A new study reports that BIPOC individuals who were infected with COVID-19 experienced greater negative aftereffects in health and work loss than did similarly infected white participants.


Despite similar symptom prevalence, Hispanic participants compared to non-Hispanic participants and BIPOC participants compared to white participants had more negative impacts following a COVID-19 infection in terms of health status, activity level and missed work, the authors wrote. 

The findings appeared in the journal Frontiers in Public Health. The authors investigated the longer-term impacts of acute COVID-19 infection across ethnic and racial groups. They longitudinally followed 2,402 U.S. individuals first infected between 2020 and 2022.

Health equity

“We want to understand what is driving these differences, with the goal of advancing health equity after infection,” said lead author Dr. Kelli O’Laughlin, associate professor of emergency medicine and of global health at the University of Washington School of Medicine.

The authors surmised that some of these negative outcomes among BIPOC participants — when compared with those of non-Hispanic and white participants — may be associated with socioeconomic disparities. 

“We found that several minority populations reported worse overall health, lower activity levels or more missed work months after infection. While we don’t know what caused these different impacts, we know that these populations can have a harder time accessing health care, which may complicate their recovery,” added Kari Stephens, a professor of family medicine and of biomedical informatics and medical education at the University of Washington School of Medicine. 

Front-line work

“Certain demographic groups might be overrepresented in front-line work industries, where they had no option to work from home to reduce their risk of infection,” O’Laughlin said. 

Other differences across population groups might stem from the lack of health insurance, mistrust of the medical establishment, cultural or institutional racism, medical deserts, or the lack of safe parks or green spaces where study participants live, she said. 

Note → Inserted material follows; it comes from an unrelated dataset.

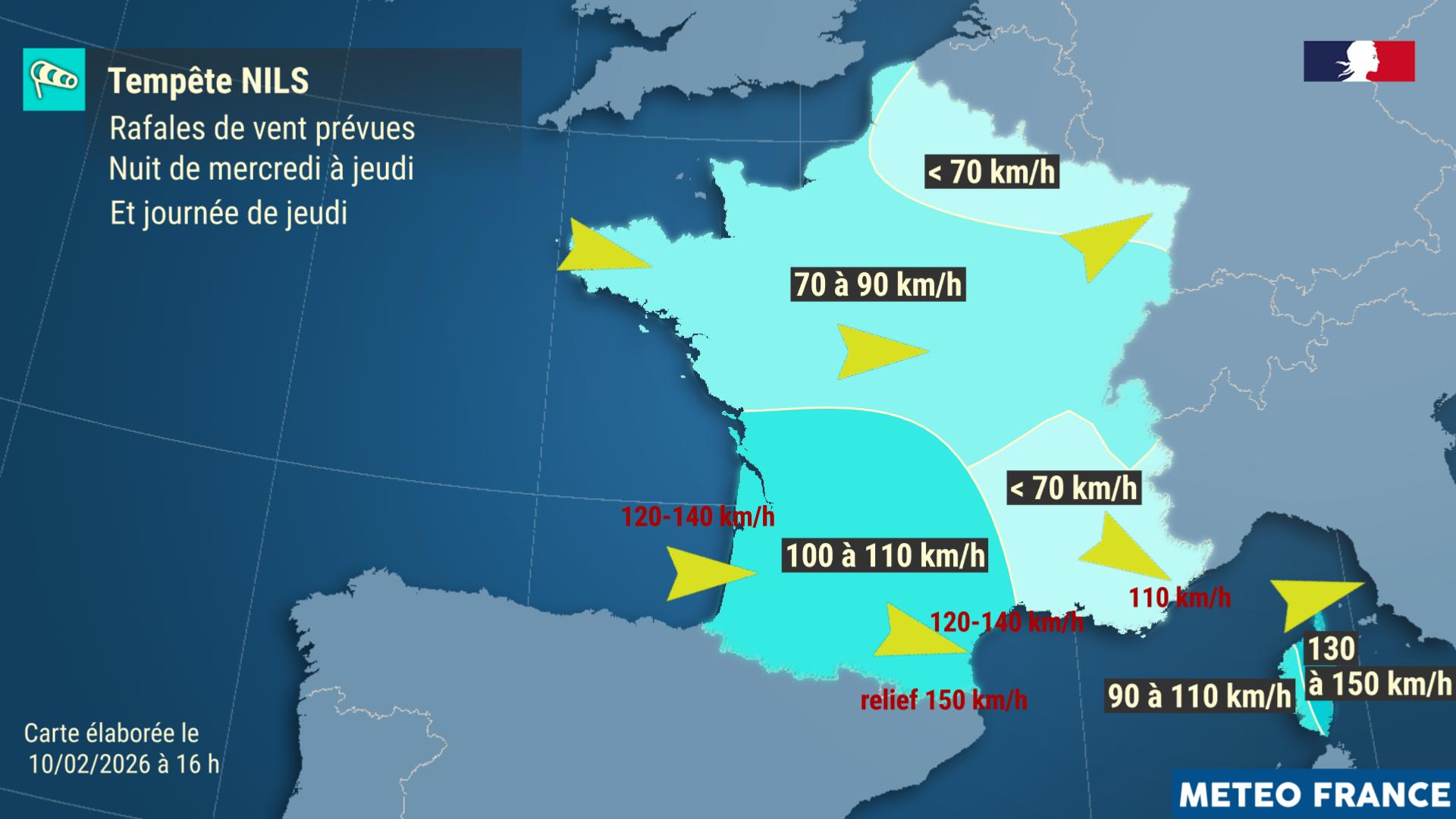 Tempête Nils : des rafales jusqu’à 180 km/h attendues dans les Pyrénées-Orientales jeudi 12 février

Study participants were asked to record their symptoms from a list of 22, including loss of taste, shortness of breath and sore throat. While the investigators found few symptomatic differences across the groups at three- and six-months after infection, there were significant health effects and work loss among BIPOC populations.

Among the findings:

  • Hispanic participants were about twice as likely as non-Hispanic counterparts to self-report fair or poor health and much lower activity levels at three months. These differences, however, were no longer present at six months.
  • Compared with white participants, those who identified as “other/multiple race” were nearly twice as likely to report fair or poor health and describe that they were somewhat or much less active at three months.  These differences persisted at 6 months. The “other/multiple race” group included individuals identifying as American Indian or Alaska Native, Native Hawaiian or Pacific Islander or selecting two or more races.
  • Compared with white participants, Asian participants’ chances of reporting fair/poor health was similar at three months, but Asian participants were more likely to report fair/poor health at six months.
  • Reports of more than five missed workdays was similar across all race groups at three months; at six months, however, reports of missed work were much higher among Black participants (by almost three times) and other/multiple race participants (by more than two times).

The researchers described these differences in the context of accounting for other demographic factors that affect populations, such as social determinants of health, substance use, preexisting health conditions and COVID-19 vaccination status.

“We found a difference in health status by ethnicity and race after acute SARS-CoV-2 infection,” said O’Laughlin.

Underserved populations

She and other UW Medicine researchers have been studying the health consequences of COVID-19 under the Innovative Support for Patients with SARS-CoV-2 Infections, or INSPIRE, a multisite group funded by the Centers for Disease Control and Prevention.

O’Laughlin said she hopes the findings will inform effective and equitable health interventions for underserved populations who are still managing the aftereffects of COVID-19 infections.

INSPIRE is a federally funded collaboration of eight major academic medical centers, including UW Medicine, seeking to better understand the long-term effects of COVID-19. The participants self-reported their symptoms in a standardized questionnaire. The INSPIRE group has been studying COVID-19 since the first documented U.S. case was found just outside the Seattle area in January 2020. This is the seventh study released by the group.

This work was supported by the Centers for Disease Control and Prevention, National Center for Immunization and Respiratory Diseases (75D30120C08008).